Rüdiger Göb: "Die Partei war im Grunde nur ein Wahlkampfverband. Als wir in die Opposition traten, fehlten ihr die Experten an allen Ecken." Beim Regierungswechsel verfügte die Partei in ihrer Informationszentrale zum Beispiel nur über "anderthalb" Leute. Heute kann die Parteispitze auf einen Informationsstab mit 15 Mitarbeitern zurückgreifen. Göb: "Und das kostet natürlich alles Geld."

Schulden mußte die Union auch zum Hausbaumachen. Die Bundesgeschäftsstelle war auf sechzehn verschiedene Häuser verteilt. Das machte eine Stabsarbeit unmöglich. Alle angestrebten Rationalisierungseffekte wären ohne das demnächst bezugsfertige Konrad-Adenauer-Haus (Kosten rund 20 Millionen Mark) verpufft. Finanzieren mußte Göb überdies eine kostspielige Personaldatenbank.
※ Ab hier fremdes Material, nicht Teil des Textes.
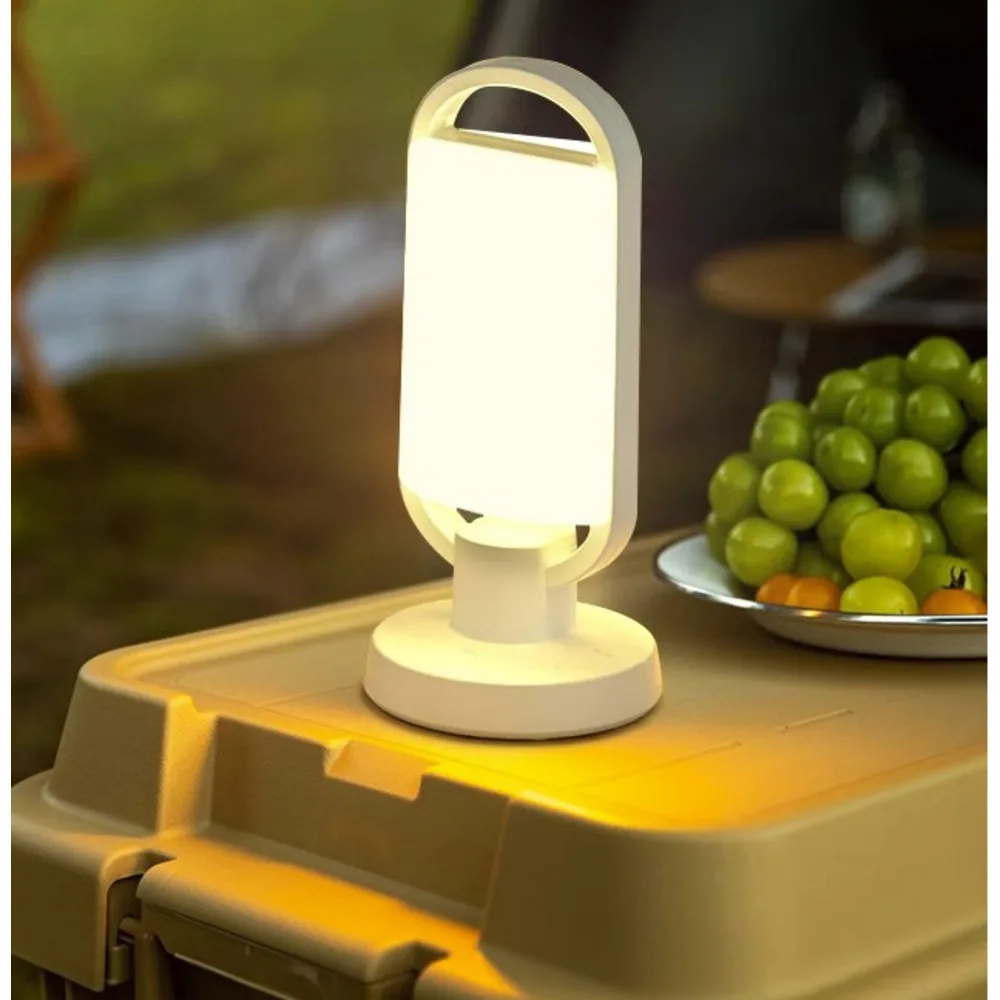 Solar Outdoor Charging Emergency Lighting Tent Extra Long Range Hanging Camping Light_voghion.com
Die heutige Schuldenlast (rund zwölf Millionen insgesamt) ist indes nicht nur allein darauf zurückzuführen, daß die CDU jahrelang vom Sachverstand der Regierung profitieren konnte. Die Union zehrte zugleich auch von den Finanzen des von ihr regierten Staates. Denn Regierungspropaganda und kostspielige Wahlhilfe für die CDU waren oft unentwirrbar und undurchsichtig miteinander verquickt.